Hoarders anonymous for unstructured data

Are you a hoarder?

Do you have a storage area where you keep items you rarely or never use? Do you periodically sort out your stuff, or do you keep collecting items of debatable value? I think it's human nature to hold onto things we never use for extended periods of time.

It's like the junk drawer everybody has somewhere in their house that holds a collection of random items we think are important to keep, but we usually take the same couple of items out every time we open the drawer. It's called a "junk drawer" for a reason - because it's mostly junk, and most of it should be tossed in the trash. So why do we keep these items of questionable value or use?

In the American TV show, Hoarding: Buried Alive you notice that it's hard to identify the items of value mixed in with the piles and piles of trash. It's also difficult to identify who in the house owns a particular item so that you can ask them why they even have it, or get permission to remove it. In almost all cases, they don't use half the stuff they own and have forgotten that they even have it.

I can't help but draw parallels on how much this is like unstructured data - tons, and tons of PDFs, Word docs, spreadsheets, PowerPoint presentations, audio files, picture files, and pretty much anything else that doesn't live in a "structured" database - and how people in most organisations just keep collecting it. (Structured data refers to information that can be organised and is searchable with simple search engine algorithms.)

The IT team, tasked with getting their arms around it for compliance and governance purposes, has no idea who owns it, whether it's important or if anyone is even using it - and for these reasons, they are afraid to delete it. In the meantime, the line-of-business people continue to create and hoard more data - year after year - storing it in places (e.g. SharePoint, Dropbox, SendSpace, etc.) that IT has no control over, and probably does not even know about.

Hoarding is dangerous

As with physical hoarding, where some of the junk found at the bottom of the pile isn't just annoying, but is downright dangerous - mould, broken items and etc. - hoarded unstructured data including confidential Intellectual Property (IP) such as literary and artistic work and designs, customer data, medical records, personal identifiable information, etc. can fall into this "dangerous" category.

All organisations have unstructured data, but most are collecting and maintaining large volumes of orphaned data - so called because it has no owner. Without an owner to determine its importance, lifespan or who should have access to it, we default to keeping this data of unknown value forever. I have seen organisations go through a consolidation or migration, or move data centres, and they take all of the unassigned, unstructured mess along with them.

No one wants to become a hoarder, but how do things get so messy? Most organisations have a poor governance process for granting access to unstructured data. Because they are unable to determine who owns the data, they continue to collect more orphaned files in repositories like file shares and group folders.

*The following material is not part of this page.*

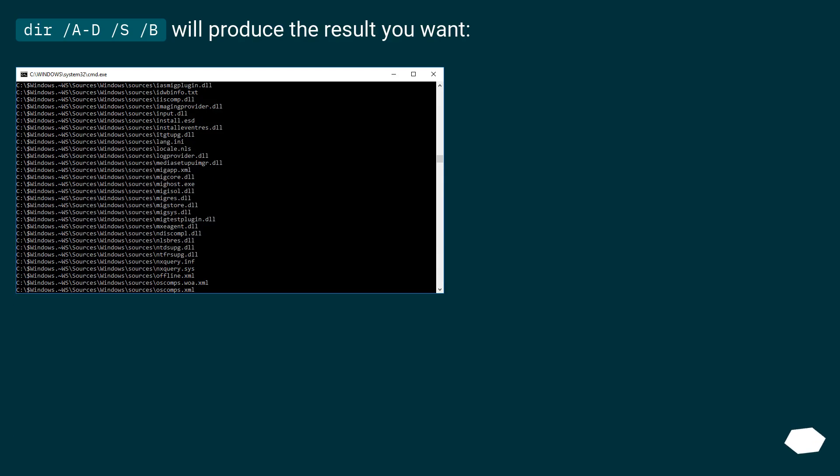DIR /A-D /S /B will produce the result you want.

I've found that many companies will admit to having a problem managing unstructured data, but they seem to accept it as a cost of doing business.

I am convinced that the current acceptance of this problem with unstructured data is the corporate version of household hoarding. IT doesn't know what is out there, whether it's necessary or if it's subject to compliance. There is also a problem whereby compliance demands that risky information contained in some unstructured data be protected, and auditors are becoming savvy towards this concept of unstructured data and the lack of accountability, or ownership of the information contained therein.

Let's start the clean-up process

With household hoarding, a cleaning crew often is called in to help the hoarder because the government mandates a "clean up or face the consequences" stance. Shortly after the cleanup crew leaves, however, the stuff starts to collect again because the person falls back into old habits, with no control over what they collect and how to keep things clean and organised. It is not good enough to just clean up the mess. You need a governance process to keep your unstructured data clean and sorted. Don't wait for the authorities to tell you to put a plan in place to govern access to unstructured data. Start the clean-up process now, and stop being an unstructured data hoarder.

The good news is that you don't need a 12-step programme to conquer vast collections of unstructured data. You can overcome the problem and get control of the chaos with the following six steps:

Step 1: Discover users and resources - Determine what is important by rolling up your sleeves and digging through the piles of data

Step 2: Classify data and access rights - Prioritise by running the data through a risk engine; focus first on those areas of greatest risk

Step 3: Audit and report on usage - Track the actual usage of the data to help identify ownership and sort out stale data

Step 4: Assign ownership and approvers - Obtain validation from the business owners to determine what is important and facilitate acceptance of data stewardship

Step 5: Remediate - Clean up the mess with access certifications

Step 6: Automate control - Keep it clean with access requests and approvals

So, don't just wait for the auditor to show up and tell you what you have to do. Start cleaning up the unstructured data mess now, before it gets worse and you end up with a massive data breach that spins out of control.

Matthew Johnston is managing director for South Asia, Dell Software.